Last Updated: 14 November 2013

IN THE HIGH COURT OF NEW ZEALAND
AUCKLAND REGISTRY CP47-SW02

BETWEEN TARAITI TIMIITI YURE
Plaintiff

AND THE ATTORNEY GENERAL OF NEW ZEALAND
First Defendant

AND THE DEPARTMENT OF LABOUR
Second Defendant

Hearing: 18 February 2002

Counsel: Mr X for Plaintiff
S Mount for Defendants

Judgment: 18 February 2002

ORAL JUDGMENT OF PATERSON J

Solicitors:
Mr Y, P.O. Box 90959, Auckland for Plaintiff
Meredith Connell, Auckland for Defendants

[1] This is an application for an interim injunction to prevent the Department of Labour from removing Mr Yure from this jurisdiction pending the determination of the substantive proceeding. As this Court cannot grant an injunction against the Crown, the proceeding will be considered on the basis that it is an application for a declaration.

Substantive Proceeding

[2] Mr Yure is not a party to the substantive proceeding. The plaintiff is his wife Mrs Yure. Relevant portions of the pleading note that Mr Yure is a citizen of Ghana who married his wife on 4 February 2001. On 12 February this year her husband was arrested and detained pending removal and it is proposed to remove him this evening.

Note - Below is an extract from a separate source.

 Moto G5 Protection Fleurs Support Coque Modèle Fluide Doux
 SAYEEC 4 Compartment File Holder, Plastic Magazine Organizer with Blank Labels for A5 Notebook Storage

[3] The pleading alleges that no proper arrangements have been made to ensure Mr Yure’s safety and financial wellbeing after he has reached his final destination at this point do not appear to be pursued in submissions. The substance of the complaint is that the detention and deportation of Mr Yure will affect Mrs Yure’s marriage and her civil rights recognised under the New Zealand Bill of Rights Act 1990 and an International Human Rights instrument to which New Zealand has acceded. The particulars given in support of this allegation are:

[a] The plaintiff and her husband are both unable due to financial and other reasons to leave New Zealand immediately to settle together in another country immediately. Removal of her husband will cause them to separate and effectively destroy their marriage.

[b] The removal of her husband will affect her economically, socially and emotionally.

[c] Removal of her husband is in violation of her rights as a New Zealand citizen.

Issue

[4] The issue as it was presented during the hearing was whether Mrs Yure has the right to have a normal family life with her husband in New Zealand and whether the Government of this country has an obligation to protect that right. It was submitted on behalf of Mrs Yure that her right arose under the provisions of s 2 of the New Zealand Bill of Rights Act 1990 and Article 23 of the International Covenant on Civil and Political Rights (ICCPR). Counsel for Mrs Yure suggested there were three issues, namely:

[a] Whether there is any right for a New Zealand citizen to have his/her spouse live with him/her in New Zealand;

[b] Whether Government has a duty to ensure that those rights are protected;

[c] Whether Mrs Yure has demonstrated a prima facie case.

Background

[5] The affidavit in support of the application is somewhat sparse. It does not refer to Mr Yure’s history, particularly his immigration history in this country, nor does it refer to an earlier proceeding determined in this Court in November last where both Mr and Mrs Yure were the plaintiff (Yure v Bentley & Ors, Auckland High Court, M1530-PL01, 8 November 2001, Chambers J).

[6] In my view the background in that proceeding and Mr Yure’s history in this country were very relevant to this proceeding and should have been provided to the Court by Mrs Yure.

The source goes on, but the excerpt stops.